La stagione 2018 ha rappresentato lo spartiacque nella carriera di Sebastian. Prima di allora il talento del tedesco veniva riconosciuto e lodato. Vettel, va ricordato, ha compiuto mirabili imprese nel 2015 e nel 2016, quando ha ereditato una Rossa scorbutica e affatto compiacente. La vittoria in Malesia da neo-ferrarista ha avuto il sapore di un miracolo e la suggestione di una promessa. Seb da Heppenheim sembrava veramente essere l’uomo della svolta, pronto a caricarsi sulle spalle il destino del Cavallino, spronandolo nuovamente a galoppare. Invece un po’ di cose sono venute meno durante la sua permanenza in Ferrari.
Nel 2017 tutti riportano alla mente con ghigno beffardo il terribile start di Singapore, sorvolando sui tanti problemi di affidabilità che hanno costretto la Ferrari alla resa. Per quanto riguarda l’anno successivo, invece, l’analisi dei fatti risulta più difficile. Ma, anche in questo caso, la maggioranza estrae dal cilindro il tristemente famoso incidente di Hockhenheim, rafforzando la tesi grazie al testacoda Monzese.
Vettel, va detto per onestà intellettuale, ha commesso degli errori, alcuni dei quali pesanti in ottica iridata. Senza quei passi falsi avrebbe potuto rendere più difficile la vita a Hamilton e di certo prolungare la sfida, ma non avrebbe comunque potuto vincere il mondiale. Troppa la differenza tra le forze in campo nella seconda metà della stagione. Mercedes, partita in sordina, ha poi saputo recuperare e surclassare la Rossa in termini di prestazioni.

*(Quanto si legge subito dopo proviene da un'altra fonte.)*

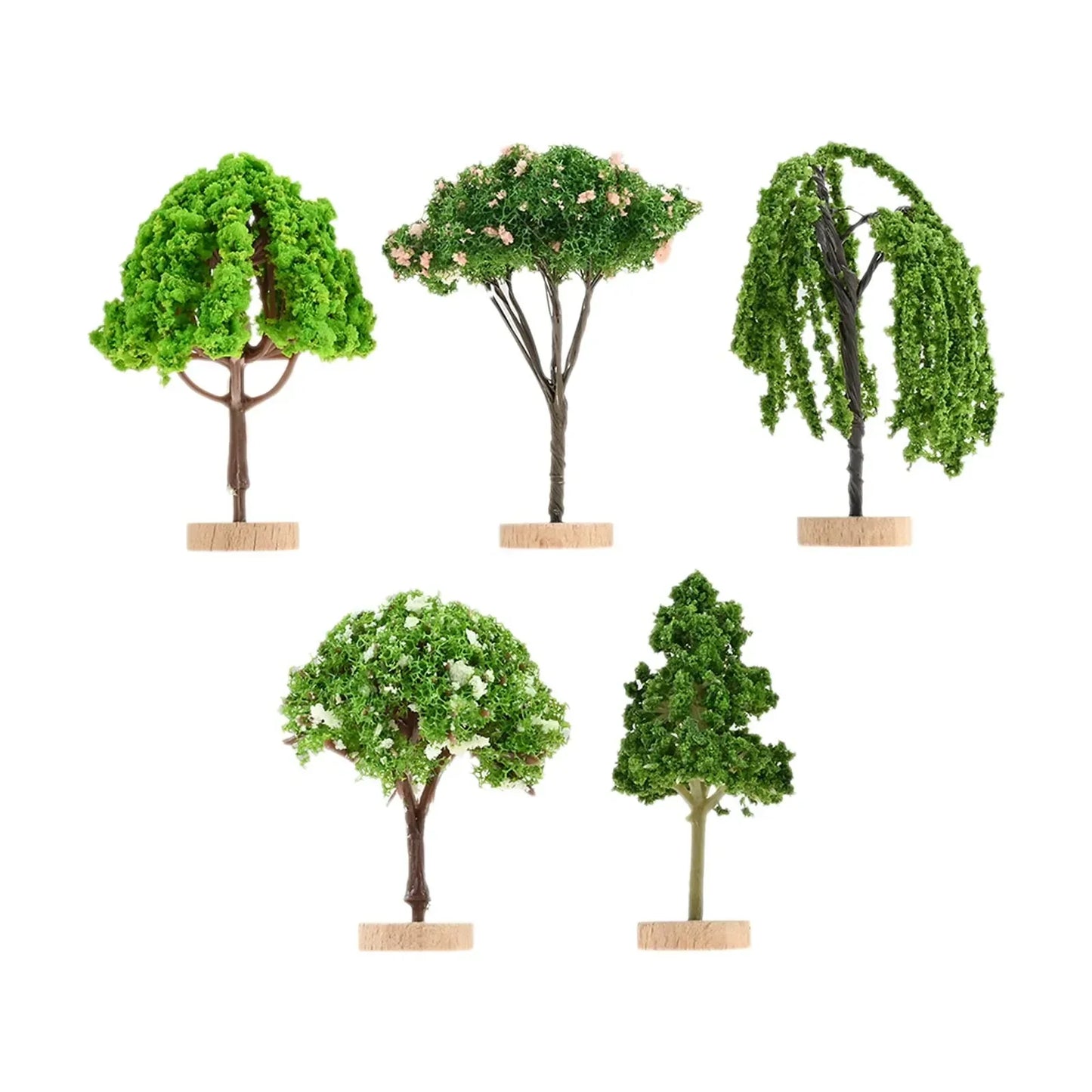 5-Pack Miniature Landscape Trees for Models, DIY & Dioramas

Ma molti, tra i tifosi, analizzano i fatti da un’altra prospettiva e rincarano la dose aggiungendo il noto cavallo di battaglia del confronto con Leclerc. Charles in effetti ha brillato, ma, a mio modesto avviso, esclusivamente perché si tratta di un fuoriclasse. Sarebbe un errore valutare il talento del monegasco esclusivamente rapportandolo al rendimento di Vettel, specie considerando che si è trattato di annate interlocutorie, in cui la Rossa non ha saputo -ad eccezione di qualche gara nella seconda parte del 2019- proporsi come realmente competitiva. Quindi non è stato Sebastian a mancare, piuttosto è stato Charles a stupire.

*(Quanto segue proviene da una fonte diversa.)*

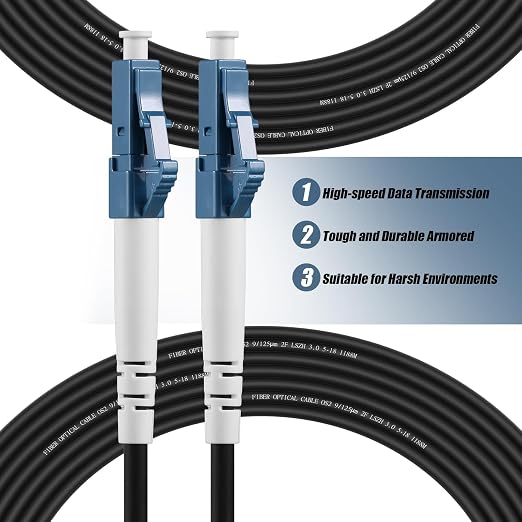 Fibergaga-10M OS2 LC to LC Fiber Optic Cable Outdoor Armored Single Mode - Image 2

Quest’anno Vettel ha voltato pagina abbracciando l‘Aston Martin. Le premesse sembravano buone, ma la vettura non ha saputo confermare la competitività della Racing Point da cui è derivata. Ciò nonostante Sebastian ha mostrato più volte il guizzo del campione, conquistando due podi (sebbene uno dei quali cancellato da squalifica) e disputando ottime gare. Eppure, quanto il tedesco fa di buono pare non essere interessante agli occhi dei più.
Basta considerare, a questo proposito, l’ottima prestazione di Austin. Vettel, confinato sul fondo dello schieramento causa sostituzione del propulsore, recupera a suon di sorpassi fino ad ottenere la decima posizione finale, regalandoci la manovra più bella del gran premio mentre battagliava con Russell. Lo fa nell’indifferenza generale, perché è più facile puntare il dito contro l’errore.

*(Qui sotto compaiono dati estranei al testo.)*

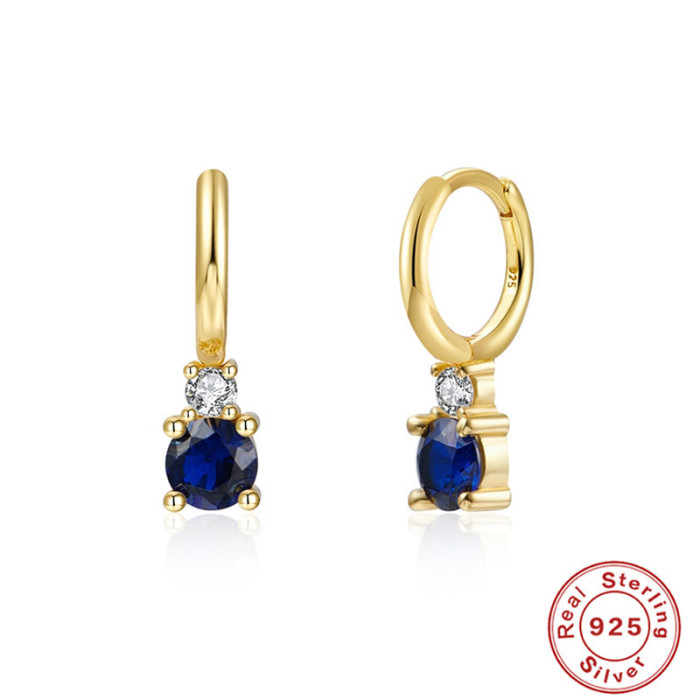 S925 Sterling Silver Four-Prong Inlaid Diamond Celi French Earrings Colorful Zircon Earrings Hoop European and American Hot-Selling Creative INS Earrings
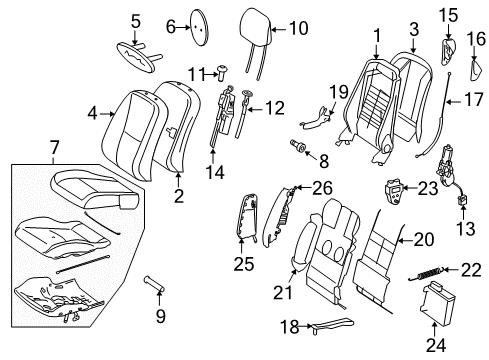 2007 Mercedes-Benz CL550 Front Seat Components Diagram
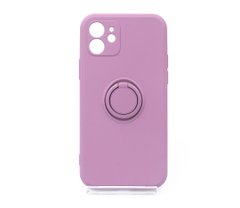 Чохол (TPU) Candy Ring для iPhone 12 purple Full Camera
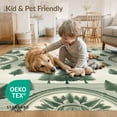 thumbnail image 4 of ODIKA 8'x10' Washable Area Rug Non-Slip Chair-Friendly Mat Symmetrical Forest Medallion Striped Bands Gentle Green Wash for Dining Room, Large Office, Lounge, 4 of 7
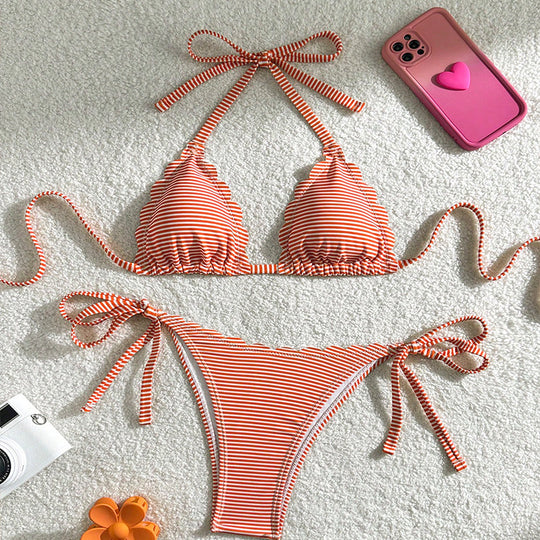 Damen Triangel-Bikini mit verspieltem Rüschendesign und Bindebändern EB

Piaccia o no, oramai, Vettel fa rumore solo quando sbaglia. In quel caso i titoli si sprecano e la grancassa dei detrattori si amplifica. Sebastian fa più comodo come carne da macello: questa è la triste realtà. Meglio la narrazione del pilota finito, della promessa mancata, del professionista sopravvalutato. La critica vende più della lode, il biasimo accende più dell’applauso.
Da sempre è così e non ho la presunzione di cambiare il mondo attraverso le mie parole. Mi basterebbe solo che aiutassero a considerare i fatti nella loro complessità, riportando una visione più equa, scevra da pregiudizi, non viziata da chiassosa faciloneria. Perché raccontare la F1 deve essere un privilegio, non una mercificazione.